● **Problem details**:
Using the entries that follow, write out the line containing "Chanel Quilted Lambskin", the line containing "10x Pasta Farfalle", and every line between them, exactly and nothing else.

● **Task input**:
※ ※ ※

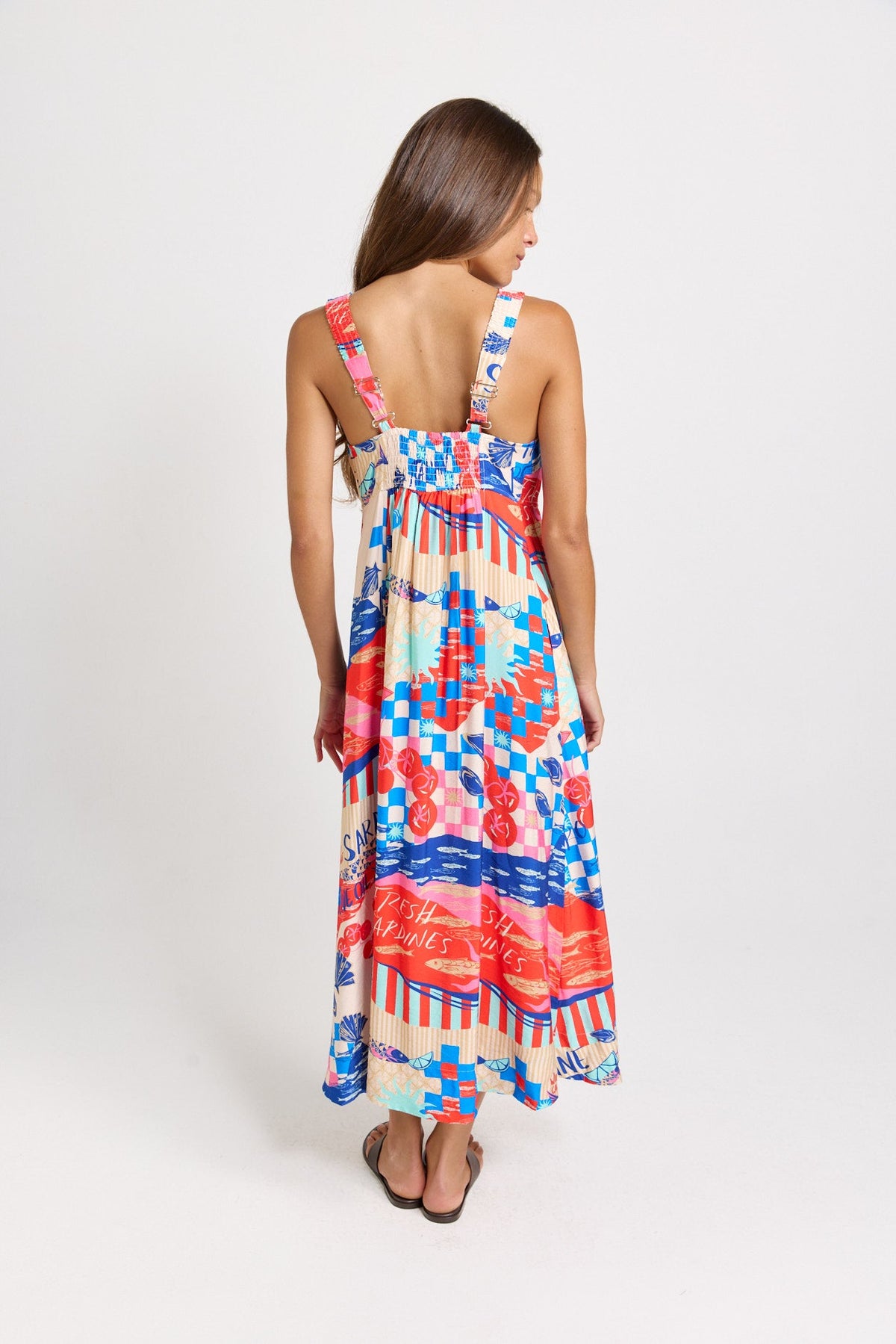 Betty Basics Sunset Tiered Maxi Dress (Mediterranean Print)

※ ※ ※

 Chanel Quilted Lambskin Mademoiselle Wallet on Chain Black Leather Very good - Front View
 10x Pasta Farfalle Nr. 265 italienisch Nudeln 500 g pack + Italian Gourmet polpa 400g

※ ※ ※

● **Solution**:
 Chanel Quilted Lambskin Mademoiselle Wallet on Chain Black Leather Very good - Front View
 10x Pasta Farfalle Nr. 265 italienisch Nudeln 500 g pack + Italian Gourmet polpa 400g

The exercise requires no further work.